Rush also blamed the failure to embrace conservatism on Republican's fear of being criticized from those in the so-called establishment. Republicans, he charged, go out of their way to avoid being criticized, fearing they will be characterized as extremists and kooks.

As a result conservatism gets watered down, and the GOP loses the support of the nation's conservative majority Rush stated.

Anything can beat nothing, Rush concluded, "and it happened yesterday."


----------



## Csquared (Sep 5, 2006)

You can hate Rush all you want (I don't mean you Zogman) but I've yet to see anyone successfully argue his points.

Except for his reluctance to deviate from strict party lines at times, I agree with almost everything he says, but can't stand to listen to him for very long!

Does that make any sense?


----------



## always_outdoors (Dec 17, 2002)

> but I've yet to see anyone successfully argue his points.


Because he screens his calls. I have heard people get on, but they get bumped when he knows he is going to loose. He cuts them off, spins the subject. Big Eddy does the same dang thing.



> When things go wrong, Rush said, "you must look inward and ask first, 'What did we do wrong? What could we have done better? What mistakes did we make?"


 Wow do you really think??? Boy he sure is a smart guy. I wonder if charged a consulting fee for that one.

I took this from another site, but IHMO it makes sense as to what happened on Tuesday.
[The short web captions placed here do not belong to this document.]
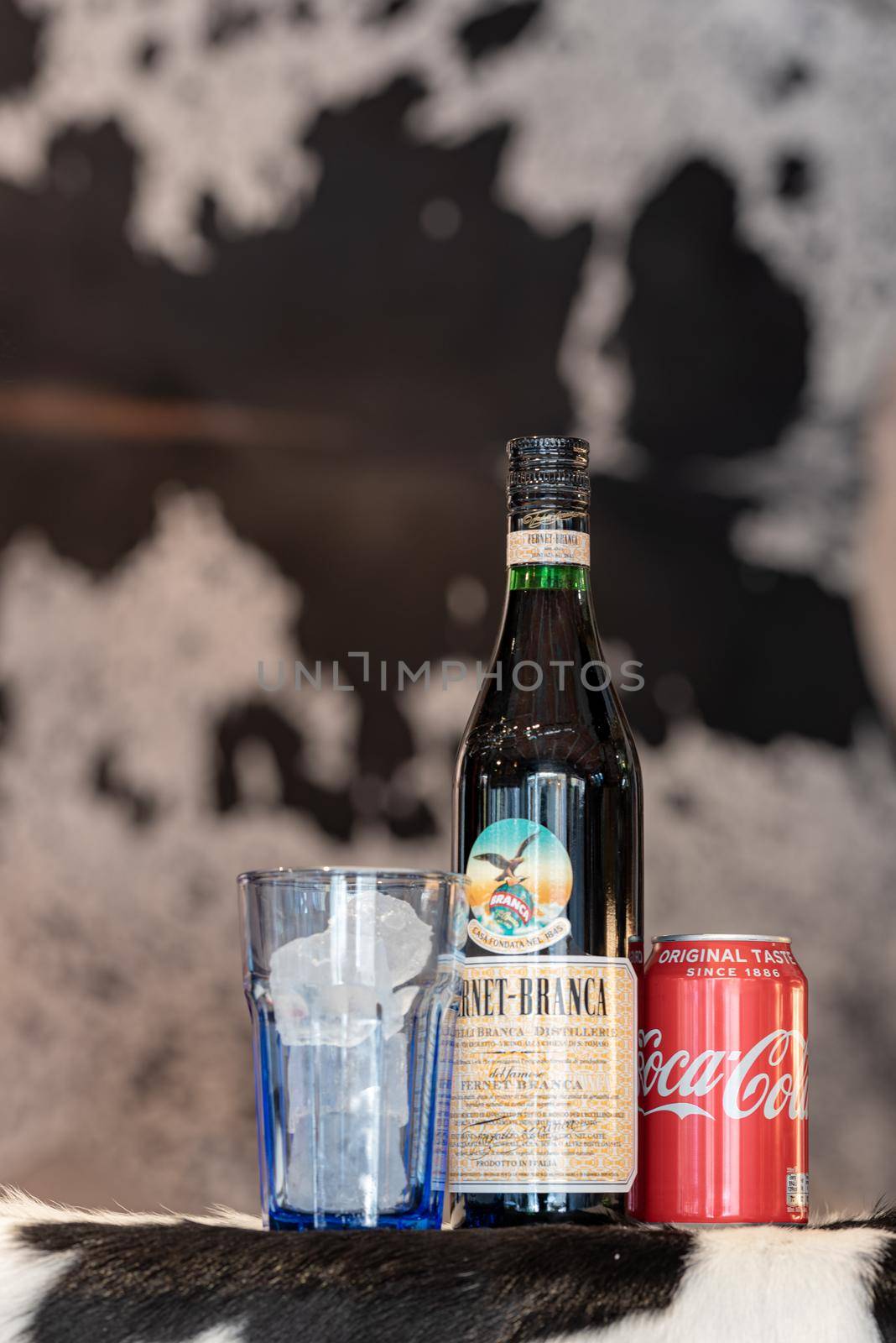 Andorra La Vella, Andorra: 2021 February 25: Typical Argentine drink, Fernet Braca with Coca Cola on cowhide in winter 2021.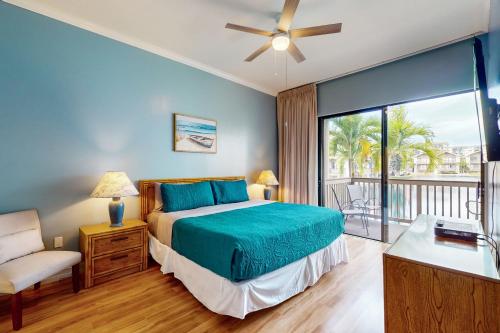 a bedroom with a bed and a balcony at Salt & Serenity in Siesta Key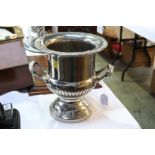 A silver plated wine cooler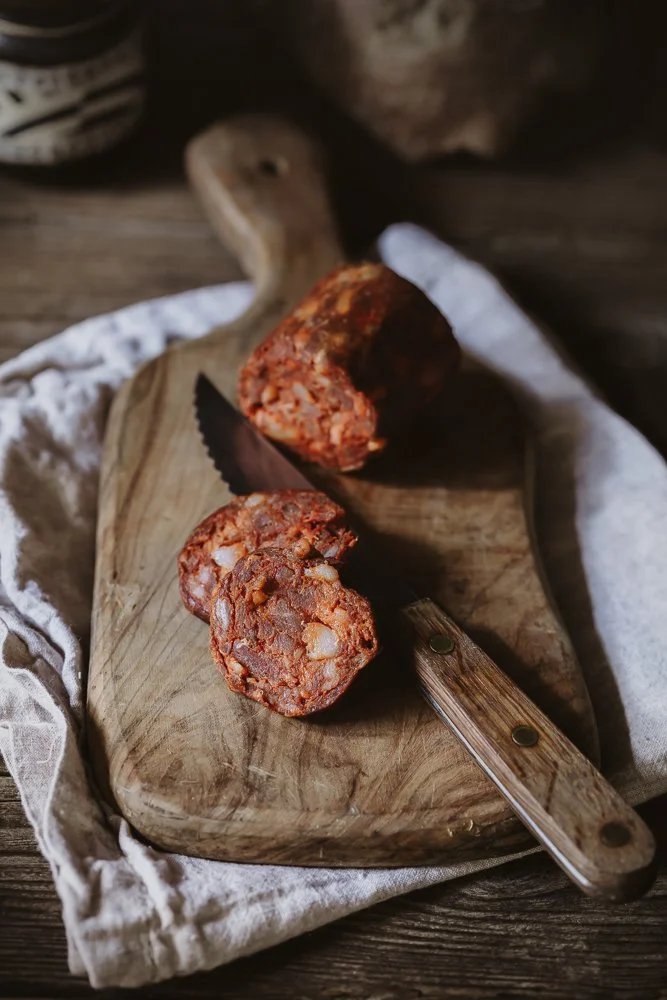 Commercial butchery photography, sliced chorizo on a wooden board with knife for website and social, shot in Oxford, Oxfordshire, independent butcher based in Exeter, Devon, for use in London and Cheltenham, Gloucestershire.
> It said the vote was not a vote for a Democratic Congress instead was a " Shut up and listen to us" message.
> I would agree many of us feel the arrogance that has prevailed in Washington needed to change and if the Demos don't listen they will find themselves outside looking in also. Most of the Dems that won are gun carrying, get the debt under control, centralists. The far left was not a winner except in the far northeast.
> If you watched the exit poles on the votes where republicans were defeated most incumbents were given positive Over 50% approval ratings by those that voted. If you receive a positive rating and get dumped I would say that is a message against arrogance. That is except in the case of those with ethics violations.
> Central leaning Republicans and central leaning Dems will for awhile anyway, rule elections. If we return to far left against far right, a new party of centralist ideas will emerge. The majority of the public by far is somewhere between that far right, far left arrogance we have come to expect from our two main parties.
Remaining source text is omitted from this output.